● **Extracted material**:
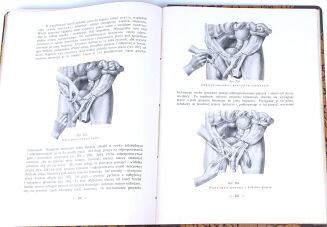 PASZKIEWICZ - TECHNIKA SEKCJI ZWŁOK. Warszawa 1923 - 7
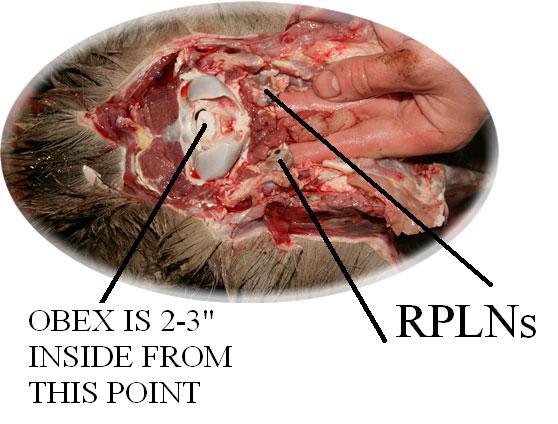 Retropharyngeal Lymph Nodes in Relation to Brainstem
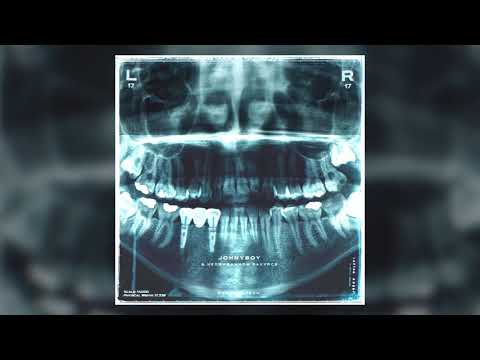 Видео: Johnyboy - В неожиданном ракурсе (Ib17 Round 5)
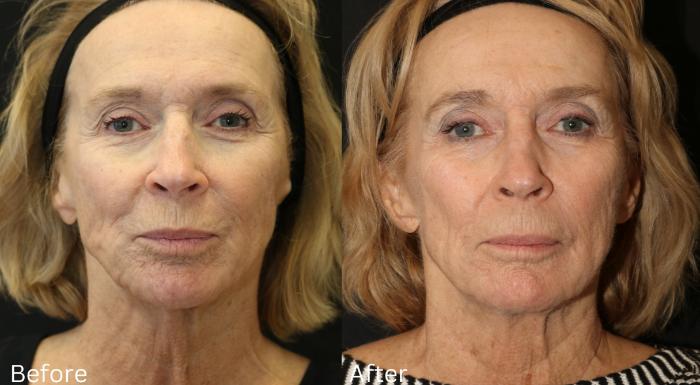 Before & After Y Lift Instant Facelift Case 259 View 1 View in Santa Rosa, California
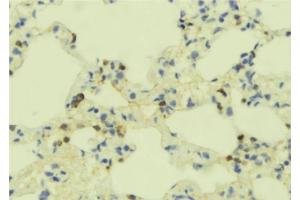ABIN6273355 at 1/100 staining Mouse lung tissue by IHC-P.
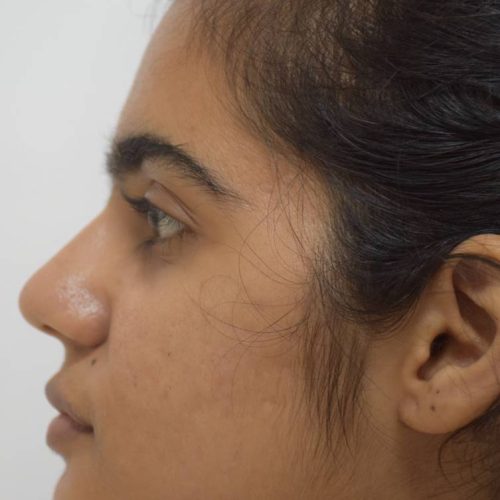 acne-treatment-before-after-dermadent-udaipur-03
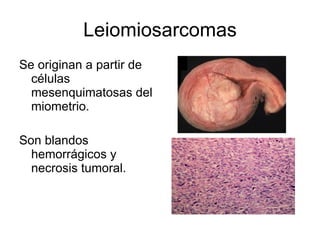 Leiomiosarcomas Se originan a partir de células mesenquimatosas del miometrio. Son blandos hemorrágicos y necrosis tumoral. 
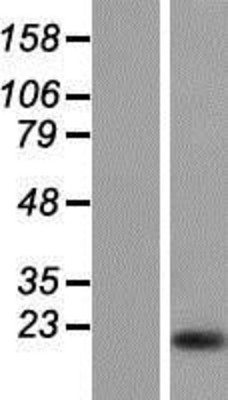Western Blot: Calpain 3 Overexpression Lysate (Adult Normal) [NBP2-05152] Left-Empty vector transfected control cell lysate (HEK293 cell lysate); Right -Over-expression Lysate for Calpain 3.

● **Work item**: Take every record and copy it word for word, dropping the pictures.

● **Expected answer**:
 PASZKIEWICZ - TECHNIKA SEKCJI ZWŁOK. Warszawa 1923 - 7
 Retropharyngeal Lymph Nodes in Relation to Brainstem
 Видео: Johnyboy - В неожиданном ракурсе (Ib17 Round 5)
 Before & After Y Lift Instant Facelift Case 259 View 1 View in Santa Rosa, California
ABIN6273355 at 1/100 staining Mouse lung tissue by IHC-P.
 acne-treatment-before-after-dermadent-udaipur-03
 Leiomiosarcomas Se originan a partir de células mesenquimatosas del miometrio. Son blandos hemorrágicos y necrosis tumoral. 
Western Blot: Calpain 3 Overexpression Lysate (Adult Normal) [NBP2-05152] Left-Empty vector transfected control cell lysate (HEK293 cell lysate); Right -Over-expression Lysate for Calpain 3.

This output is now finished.